Der Angeklagte Hussein K. im Gerichtssaal neben seinem Verteidiger Sebastia Glathe. Foto: dpa

56-jährige Pflegemutter glaubt Altersangaben nicht. Zahlreiche Zeugen sagen vor dem Landgericht Freiburg aus.

Freiburg -  Verhandlungstag fünf im Prozess gegen Hussein K. um den Mord an der Medizinstudentin Maria L. vor der Jugendkammer am Freiburger Landgericht: Das Gericht hatte sich einen regelrechten Marathon an Zeugenvernehmungen vorgenommen: Neun Personen waren geladen, darunter zwei junge Bekannte des Angeklagten, von denen aber nur einer vor Gericht erschien, zwei Mitarbeiter der Sozialbehörden, mehrere Lehrer und die Pflegemutter des mutmaßlichen Sexualmörders.
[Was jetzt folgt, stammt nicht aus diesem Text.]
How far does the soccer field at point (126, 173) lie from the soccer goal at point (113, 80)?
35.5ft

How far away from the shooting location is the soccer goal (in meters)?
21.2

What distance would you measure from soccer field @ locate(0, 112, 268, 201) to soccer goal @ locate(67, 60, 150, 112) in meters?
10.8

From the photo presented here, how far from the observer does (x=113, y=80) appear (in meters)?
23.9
Der fehlende Zeuge habe möglicherweise keine Ladung vom Gericht erhalten, hieß es.

Die anwesenden Zeugen hingegen zeichneten in ihren Aussagen ein Bild des Angeklagten, das nicht wirklich zu den schweren Vorwürfen gegen Hussein K. passen will.

Der erste junge Zeuge des Tages schilderte den Mordverdächtigen beispielsweise als freundlichen Kumpel, mit dem er sich wiederholt zum Trinken im Freiburger Colombipark getroffen habe. Eine halbe Flasche Wodka pro Person sei üblich gewesen, erklärte der Zeuge, dem gegenüber sich Hussein K. als Erwachsener ausgegeben haben soll. Auch bei den beiden Zeugen, die nach dem jungen Flüchtling vernommen wurden, ging es um die Frage nach dem Alter von Hussein K.: Die beiden 58 und 34 Jahre alten Beschäftigten der Sozialbehörden im Kreis Breisgau-Hochschwarzwald und in Freiburg hatten bei der Registrierung in Freiburg und im Zusammenhang mit dessen Unterbringung in einer Pflegefamilie in der Stadt mit Hussein K. zu tun. Beide berichteten, dass sie keine Zweifel an den Angaben des Angeklagten gehabt hätten, als dieser im Herbst 2015 behauptete, noch minderjährig zu sein. Ähnliches sagten auch die Lehrer aus, die Hussein K. unter anderem in Deutsch und Holzarbeiten unterrichteten.

Im Mittelpunkt des Interesses stand jedoch die Aussage der Pflegemutter (56), bei deren Familie Hussein K. zur Zeit des Mordes an Maria L. lebte: Die Frau berichtete in ihrer Aussage, dass Hussein K. im Haus ihrer Familie sehr selbstständig gelebt und sich in seiner 70 Quadratmeter großen Einliegerwohnung selbst versorgt habe. Dafür habe er monatlich 400 Euro erhalten und sich manchmal durch Gartenarbeit etwas dazuverdient. Einen engen Anschluss an die Familie, zum Beispiel bei gemeinsamen Mahlzeiten, habe es aber weitgehend nicht gegeben. Der Angeklagte habe hierfür wenig Interesse gezeigt.

Berührungspunkte gab es dennoch: So besuchte die Frau zusammen mit dem Angeklagten zwei Tage nach dem Mord an Maria L. ein Kulturfest, wo Hussein K. eine Gesangsdarbietung vor den Besuchern bot. In der Zeit nach dem Mord habe Hussein K. häufiger in der Schule gefehlt, aber immer noch einen ausgeglichenen Eindruck auf sie gemacht. Sie habe ihn auch auf den Mord angesprochen, er habe aber gesagt, dass er damit nichts zu tun habe. Die Frau betonte, dass sie keinerlei Verdacht gegen Hussein K. gehegt habe. Interesse an den Ermittlungen habe er auch nicht gezeigt.

Manchmal sei er für mehrere Nächte weg gewesen, meist habe er seine Freunde um sich gehabt. Insgesamt habe sie sich recht engmaschig um das gekümmert, was Hussein K. tat: Er musste ihr sagen, wo er ist, sie ging mit ihm einkaufen und achtete darauf, dass die Wohnung gepflegt wurde. Alkohol sei in der Wohnung verboten gewesen. Dass er bei seinem Alter gelogen habe, sei ihr immer klar gewesen, so die Frau. Diese Erfahrung habe sie oft in ihrer ehrenamtlichen Arbeit mit jungen Flüchtlingen gemacht.